She said, “It's been eleven days since you were shot. Do you still have pain?”

“Some. A deeper, duller pain. And not all the time. But the strength isn't back. I think I'd better wait a few days yet. If it feels alright by next Wednesday, the twenty-fifth, I'll return to the institute then. Sooner, if I improve faster, but certainly no later than next Wednesday.”

That night, Laura woke from a nightmare in which she was confined yet again to a wheelchair and in which destiny, in the form of a faceless man in a black robe, was busily erasing Chris from reality, as if the boy was only a crayon drawing on a pane of glass. She was soaked in sweat, and for a while she sat up in bed, listening for noises in the house but hearing nothing other than her son's steady, low breathing on the bed beside her.

Later, unable to get back to sleep, she lay thinking about Stefan Krieger. He was an interesting man, extremely self-contained and at times hard to figure.

Since Wednesday of the previous week, when he explained that he had become her guardian because he had fallen in love with her and wanted to improve the life she had been meant to live, he'd said nothing more of love. He had not restated his feelings for her, had not subjected her to meaningful looks, had not played the part of a pining suitor. He made his case and was willing to give her time to think about him and get to know him before she decided what she thought of him. She suspected he would wait years, if necessary, and without complaint. He had the patience born of extreme adversity, which was something she understood.

He was quiet, pensive a lot of the time, occasionally downright melancholy, which she supposed was a result of the horrors he had seen in his long-ago Germany.
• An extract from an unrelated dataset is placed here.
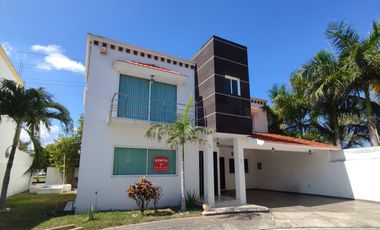 CASA EN VENTA EN MEDELLIN FRACCIONAMIENTO LAS PALMAS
Perhaps that core of sadness had its roots in things he had done himself and had come to regret, things for which he felt he could never atone. After all, he had said that a place in hell was reserved for him. He had revealed no more about his past than what he had told her and Chris in the motel room more than ten days ago. She sensed, however, that he was willing to tell her all the details, those that were a discredit to him as well as those that reflected well on him; he would not conceal anything from hen he was merely waiting for her to decide what she thought of him and whether, in any case, she wanted to know more.

In spite of the sorrow in him, deep as marrow and dark as blood. he had a quiet sense of humor. He was good with Chris and could make the boy laugh, which Laura counted in his favor. His smile was warm and gentle.

She still did not love him, and she did not think that she ever would. She wondered how she could be so sure of that. In fact she lay in the dark bedroom for a couple of hours, wondering, until at last she began to suspect that the reason she could not love him was because he was not Danny. Her Danny had been a unique man, and with him she had known a love as close to perfection as the world allowed. Now, in seeking her affections, Stefan Krieger would be forever in competition with a ghost.

She recognized the pathos in their situation, and she was glumly aware of the loneliness that her attitude assured. In her heart she wanted to be loved and to love in return, but in her relationship with Stefan, she saw only his passion unrequited, her hope unfulfilled.

Beside her, Chris murmured in his sleep, then sighed.

I love you, honey, she thought. I love you so much.

Her son, the only child she could ever have, was the center of her existence now and for the foreseeable future, her primary reason for going on. If anything happened to Chris, Laura knew she would no longer be able to find relief in the dark humor of life; this world in which tragedy and comedy were married in all things would become, for her, exclusively a place of tragedy, too black and bleak to be endured.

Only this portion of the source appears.